Concluiu, pedindo que:

a) Seja julgada procedente a exceção de ilegitimidade, com a consequente absolvição da instância;
b) Que a ação seja julgada improcedente quanto a ela por não provada.
c) o A. seja condenado como litigante de má-fé no reembolso das despesas e dos honorários do mandatário da contestante, que esta realizar por causa desta demanda.

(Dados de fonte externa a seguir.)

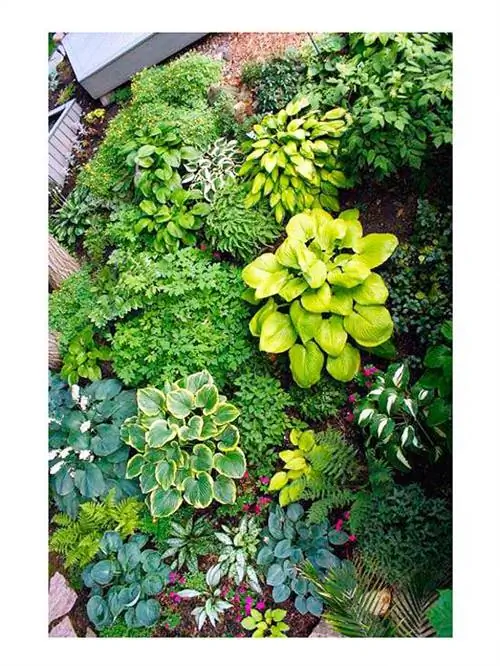 Роговой сад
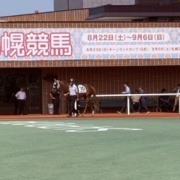 推し馬のゴコウコイコイちゃんが引退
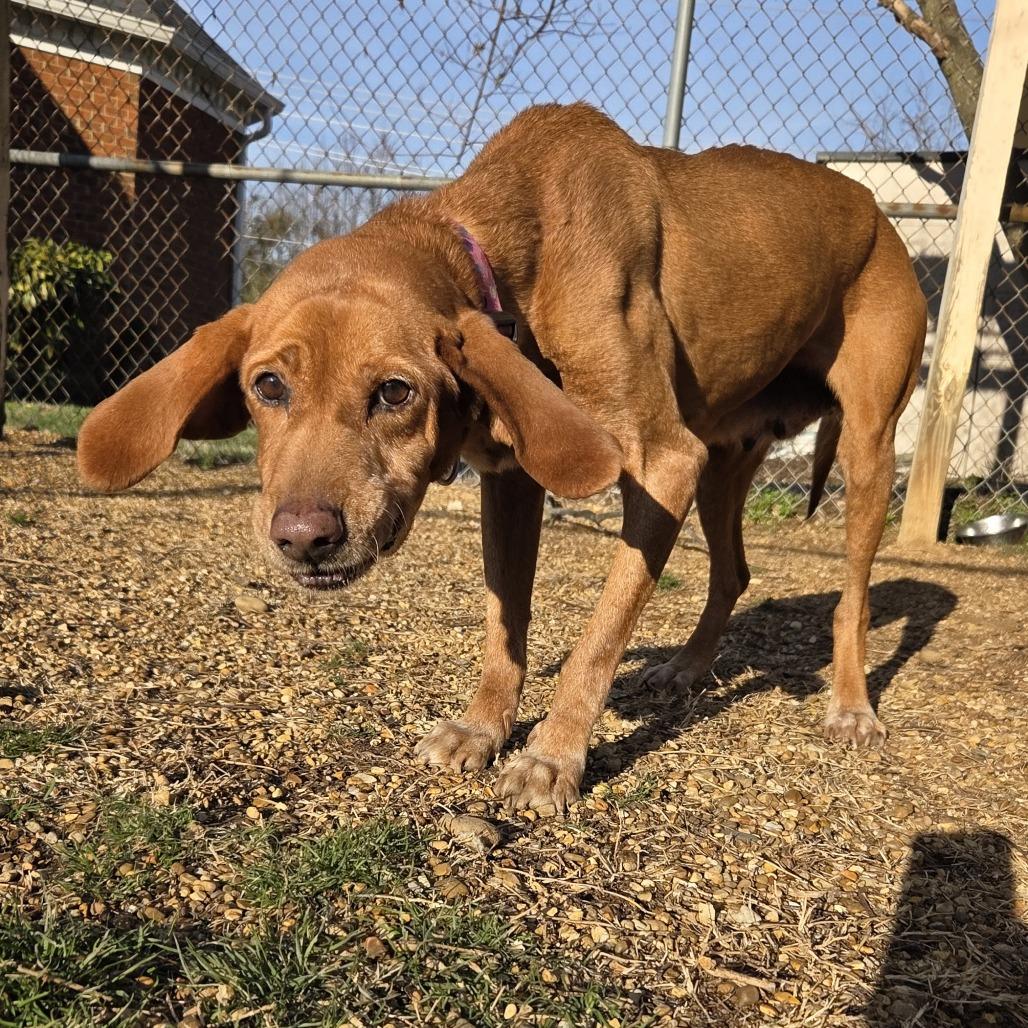 Enlarge Ellie, a Adoptable Hound in Staunton, VA image 3/5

A Associação Notas e Sinfonias contestou por impugnação a fls. 106 a 164, sustentando em síntese que a Orquestra Clássica da Madeira (OCM) não é uma "unidade económica" suscetível de transmissão para o efeito previsto no art.° 285° do CT. Acresce que a Fundação MC extinguiu-se a 1.1.2013 e a ANSA foi constituída a 27 de maio seguinte, pelo que não houve transmissão do contrato de trabalho do A. que foi despedido a 5 de fevereiro de 2013. A R. Ansa nada adquiriu da FMC que continua em processo de liquidação do seu património e que será eventualmente a única responsável pelos créditos laborais a que o A. tinha direito.

Opôs-se nos termos previstos no art.° 60°-A do CPT à reintegração do A. nos seus quadros.

Concluiu, dizendo que a ação deve ser julgada totalmente improcedente à relação  si, R. Ansa.

O A. respondeu a fls. 170 a 178, concluindo que se deve indeferir a exceção dilatória de ilegitimidade passiva da R. AOCM por não provada; e absolver a A. da imputação de litigância de má-fé, por manifesta falta de fundamentos de factos que a sustentem.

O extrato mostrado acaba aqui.